Test: The willow is soaked enough when a butt end will kink at 90 degrees without breaking and the bark stays intact. Do not over-soak!
Prepared willow is velvety to the touch and has no greasiness. Prepared willow, not in use, should be kept covered as it will dry out easily. One should only prepare enough willow for a few days use and dry all unused willow. Willow should be stored dry and in a dry, dark place.


----------



## lonelyfarmgirl (Feb 6, 2005)

I dont know what kind of willow it is, except weeping, but I guess the bending test will tell. I'll give it a try.


----------



## Wisconsin Ann (Feb 27, 2007)

ahh. weeping willow. should be the same as white willow (brown is tougher stuff). Weeping isn't usually what they use for basketry, because of the numerous leaves, I think. But as long as you harvested it before the leaves budded out, should be fine  I'd treat it as a vine....soak in a large tub, and give it the 90degree test. The stuff soaks up a LOT of water, btw.


----------



## lonelyfarmgirl (Feb 6, 2005)

I cut it this fall. My dh had to trim a friends weeper, and I demanded some vines, so he drug a huge pile home on the back of the boom truck and said there they are, and left me to unload and clean up the mess. I guess be careful what you ask for right?

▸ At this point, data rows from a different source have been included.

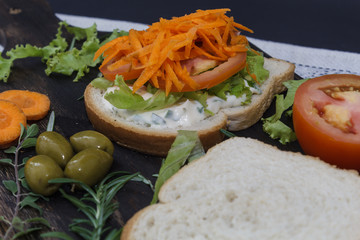 Healthy vegetarian sandwich with carrot, Tomato, lettuce and spices, served on an wooden board.
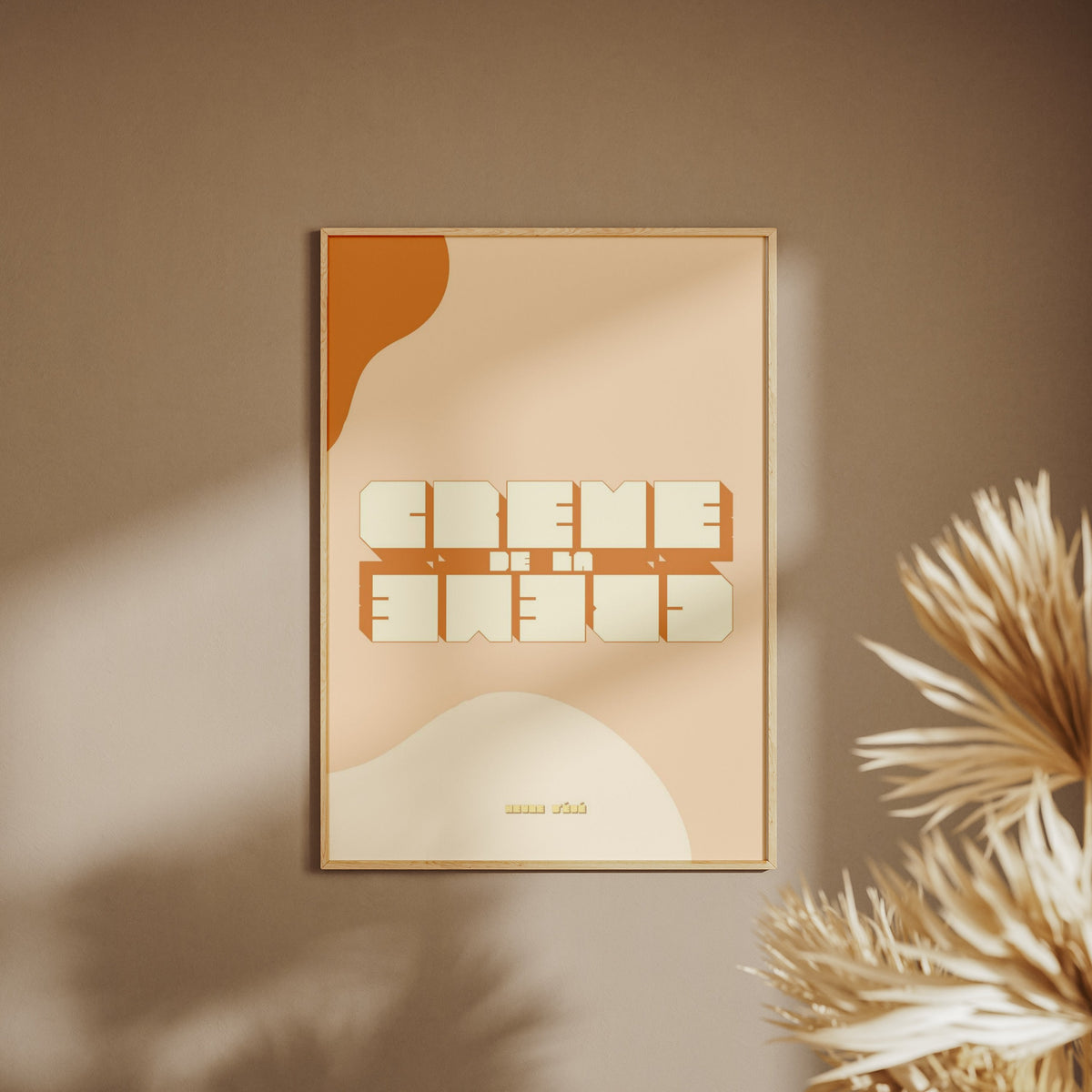 Crème de la Crème | Vintage Poster, framed poster on a beige wall, pampas grass in the foreground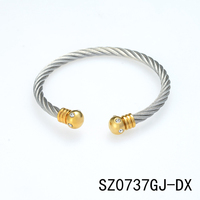 Bracelet manchette torsadé en acier inoxydable pour femme, avec boule ronde, crâne et cristaux, couleur argent et or, vente en gros de bijoux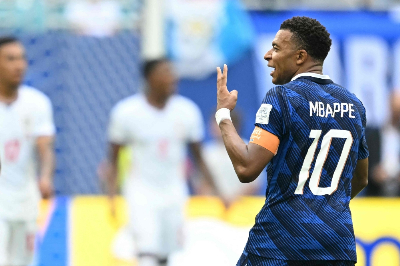 Mbappe makes World Cup history with second Golden Boot France’s Kylian Mbappe celebrates after scoring his team’s third goal in the 2026 World Cup third-place play-off against England at Miami Stadium. — AFP pic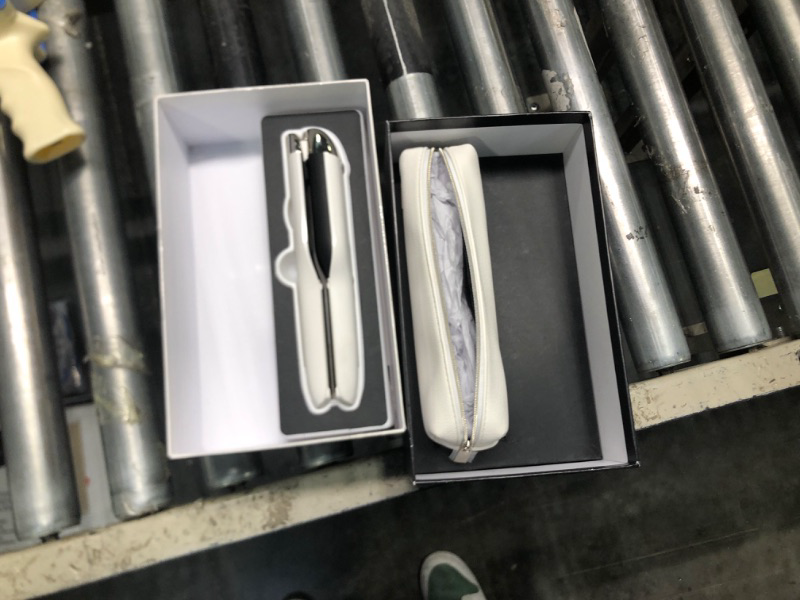 Photo 1 of appears new open box 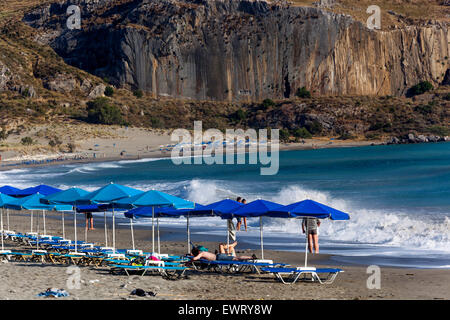 Blue umbrellas on the Beach of Plakias, South Crete beach Greece Europe Stock Photo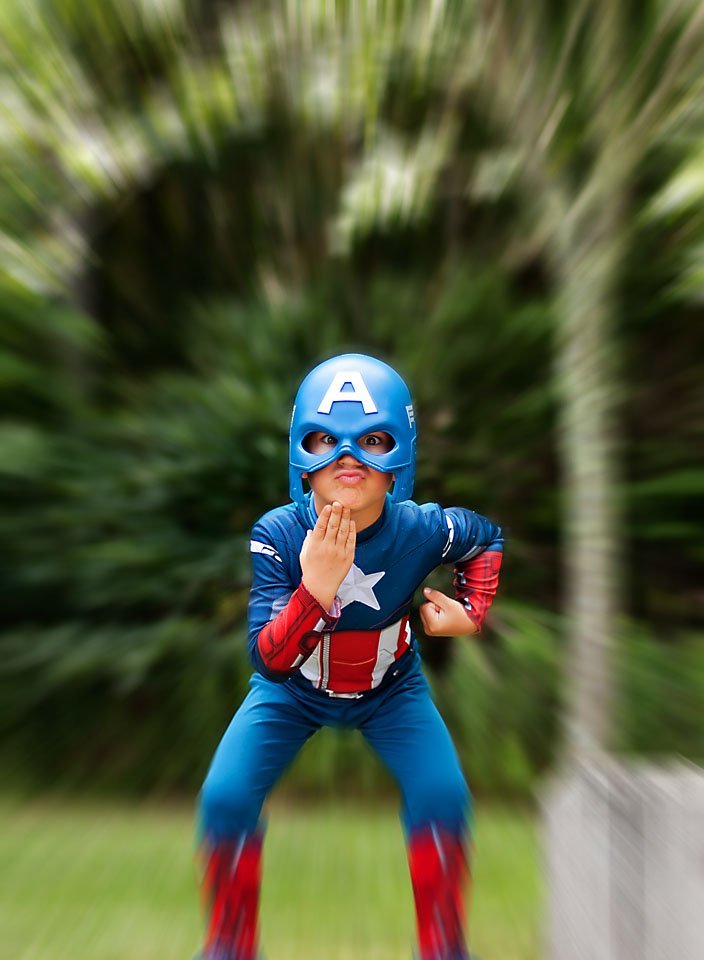 little boy dressed up as a superhero and about to take flight off of a railing in the forest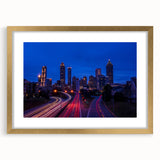 Extra large abstract art print of Atlanta skyline in muted gray and blue tones on a framed canvas.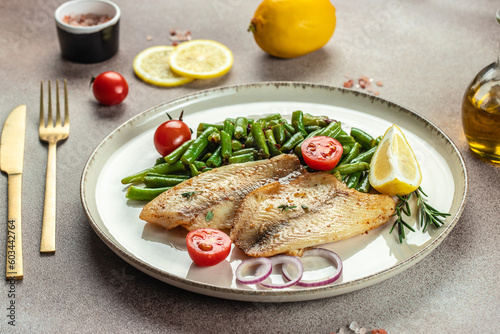 Baked white fish fillet Pangasius or tilapia with vegetables. banner, menu, recipe place for text, top view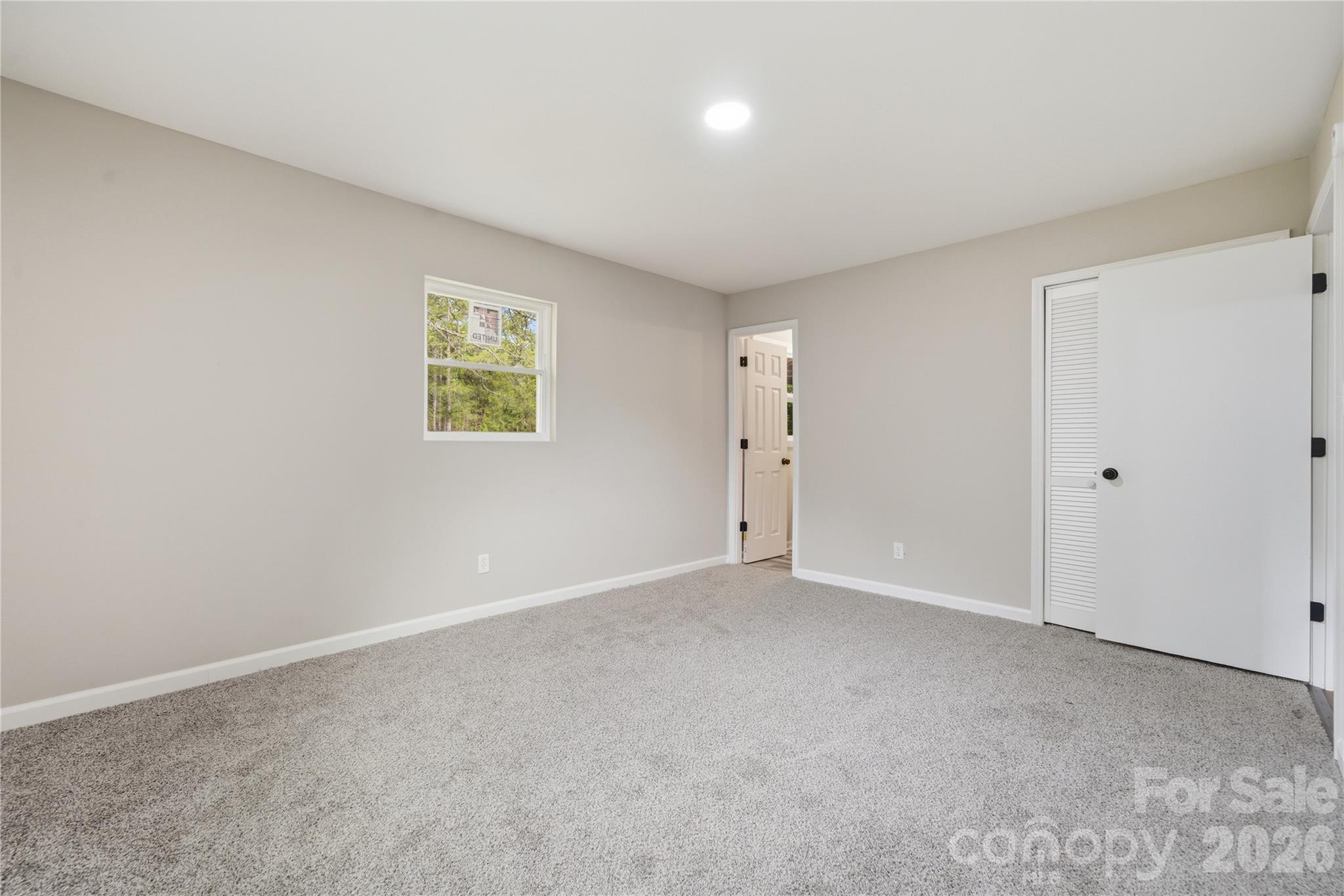 3285 Douglas Way Lane Lancaster, SC 29720 - Photo 20 of 44 a view of an empty room with a window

At this point, they are de-leafed, and sorted according to thickness and length. I thought about making some hide stretching circles out of the bigger ones.

does it matter the temperature of the water?


----------



## Wisconsin Ann (Feb 27, 2007)

cool to room temp, I think. Warm water they'll absorb quickly and it will split the bark before the wood has a chance to relax.


----------



## springvalley (Jun 23, 2009)

Be sure to post pictures when you're done!! Can't wait to see them. - Catherine


----------



## Countrystyle (Aug 24, 2003)

You could also make some wreaths and dreamcatchers out of the bigger stuff. Or garden art type stuff. 

I'm looking forward to pictures too! Yay, another weaver out there!


----------



## lonelyfarmgirl (Feb 6, 2005)

another POTENTIAL weaver out there


----------



## Countrystyle (Aug 24, 2003)

I could scan and send you some basic weaving instructions if you're interested. Pm me with an email if you are.

Wisconsin Ann, what type do you weave? 

Oops, forgot to add that I weave mostly "usin'" baskets as my old basketmaker used to call his. (He was almost 100 yrs old and still weaving when he passed) Not the fancy decorative art that some wonderful weavers do. Egg baskets, market type, a few antler baskets..


----------



## Wisconsin Ann (Feb 27, 2007)

Grapevines and oak splits. Both are plentiful here. MAN are grapevines plentiful.  Can't kill the stuff. Try to kill it and it grows where you threw the pieces. 

I have been known to use raffia, really skinny willow, and cattail rushes in things from my loom (for wall hangings). 

Mostly wreaths and such tho. If I lived in the South, I'd be using the pine needles for stuff. I LOVE the pineneedle baskets and things. Our needles up here are MAYBE 4 inches long...they don't work well for basketry


----------